■ INPUT ■
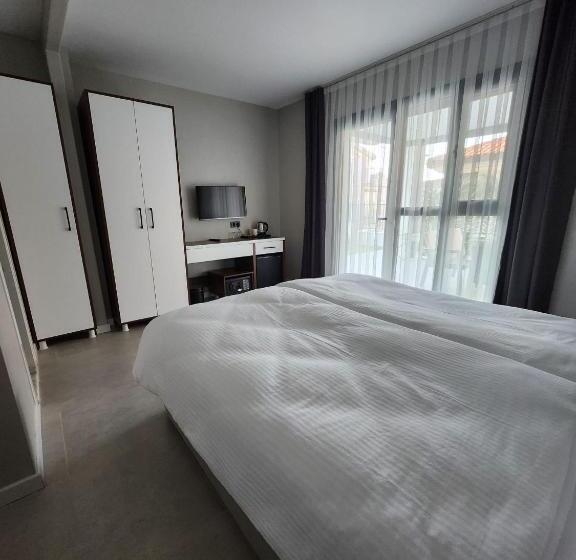 Номер Стандарт с Террасой, Lulubay Rooms & Suites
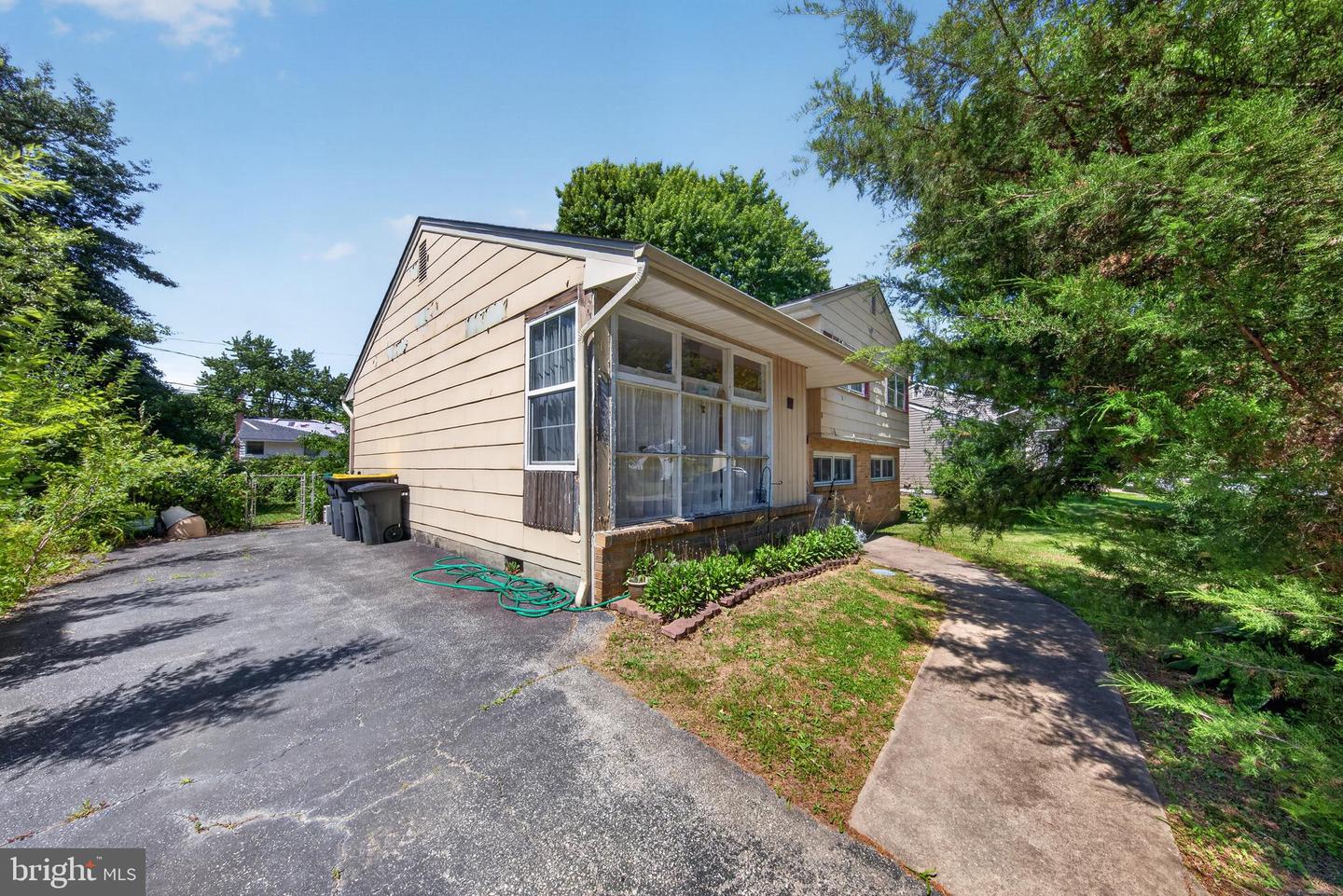 178 W Shelley Dr Property Photo 4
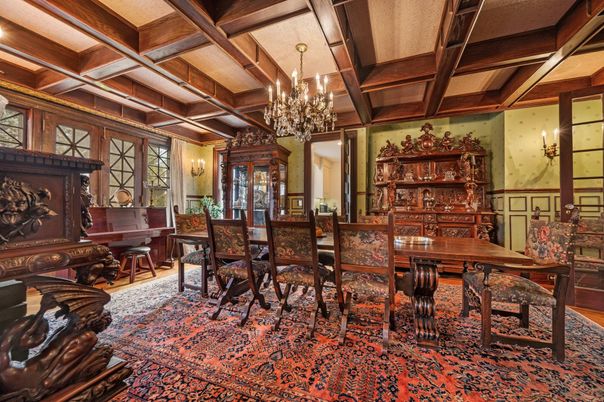 Chandelier, Dining room, Interior, Piano, Wooden Beams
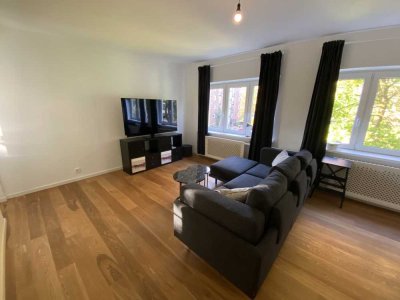 4-Zimmer-Wohnung mit Balkon und Einbauküche in Hamburg, WG Gründung auch möglich !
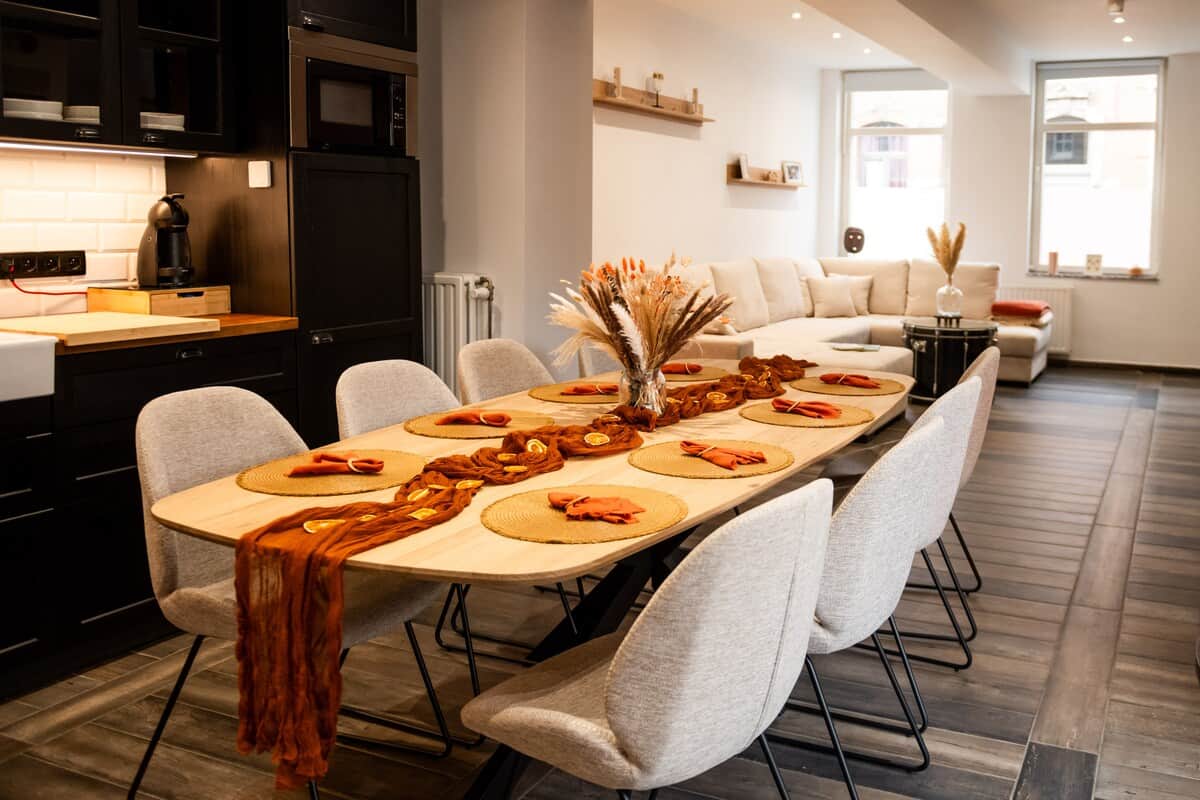 L'espace repas comprend de la vaisselle pour 8 personnes ainsi que tous le nécessaire.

■ TASK TO COMPLETE ■
Pictures in the records should not appear in your copy, but everything else must be transcribed exactly.

■ YOUR SOLUTION ■
 Номер Стандарт с Террасой, Lulubay Rooms & Suites
 178 W Shelley Dr Property Photo 4
 Chandelier, Dining room, Interior, Piano, Wooden Beams
 4-Zimmer-Wohnung mit Balkon und Einbauküche in Hamburg, WG Gründung auch möglich !
 L'espace repas comprend de la vaisselle pour 8 personnes ainsi que tous le nécessaire.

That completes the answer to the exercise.